Lots of content going up this week, starting with the Blast Master himself, KRS-One, crushing a sold out show this past Friday in lil ole’ Portland, Maine.
[Special Note: All credit to rapper/promoter Ben Shorr for the years he’s spent cultivating a hip-hop community in Portland and developing the innovative Hip-Hops concert series — without either of which KRS-One wasn’t likely to make the trek north.]
There was a lot of talent on stage at Hip-Hops 10 leading up to KRS-One’s headline set. New Fame was a revelation; a new discovery for me. Their mix of heavy beats, rapid-fire rhymes, and lead vocalist Adrienne Mack-Davis’s soulful voice when she kicked into a sung lyric line got everybody jumping and moving with them. Fun to watch the crowd inch closer to the stage with every track.
And, The Perceptionists brought it. Mr. Lif and Akrobatik have crazy chemistry together — even after 12 years spent doing solo projects in between their last record and their 2017 record Resolution — and, lyrically, they brought straight fire. As the world goes to fucking shit, they go harder and smarter.

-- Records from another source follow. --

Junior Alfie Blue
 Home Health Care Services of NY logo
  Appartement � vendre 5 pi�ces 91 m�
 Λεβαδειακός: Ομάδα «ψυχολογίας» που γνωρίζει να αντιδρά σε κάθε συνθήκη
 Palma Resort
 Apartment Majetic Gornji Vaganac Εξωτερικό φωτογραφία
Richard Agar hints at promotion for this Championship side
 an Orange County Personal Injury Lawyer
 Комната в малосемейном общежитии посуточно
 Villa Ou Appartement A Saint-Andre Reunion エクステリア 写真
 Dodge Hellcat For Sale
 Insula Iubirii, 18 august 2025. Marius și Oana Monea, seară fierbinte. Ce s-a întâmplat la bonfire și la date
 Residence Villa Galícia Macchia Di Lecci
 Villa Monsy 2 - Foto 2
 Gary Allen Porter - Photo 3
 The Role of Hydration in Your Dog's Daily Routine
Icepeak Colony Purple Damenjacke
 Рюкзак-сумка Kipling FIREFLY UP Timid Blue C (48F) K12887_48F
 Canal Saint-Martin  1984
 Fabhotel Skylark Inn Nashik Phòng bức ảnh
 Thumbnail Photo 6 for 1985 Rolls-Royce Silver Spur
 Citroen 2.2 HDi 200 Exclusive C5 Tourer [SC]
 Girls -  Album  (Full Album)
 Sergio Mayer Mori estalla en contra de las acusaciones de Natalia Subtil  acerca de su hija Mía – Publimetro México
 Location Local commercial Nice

But, the headliner stepped up and didn’t disappoint. KRS-One has been doing this for almost — *ahem* — 40 years and he came out firing like it was his first show. He pounced on stage, intoned “Strictly classics” into the mic, launched into Step Into a World, and then was off — ripping into beats that sounded both iconic and fresh as the day he first dropped them. He still has that snarling edge, pushing back against fake MCs and “media schemes” and demanding respect owed to an originator who is keeping the flame lit for the origins of hip-hop culture.
A professional at work and a legend still teaching.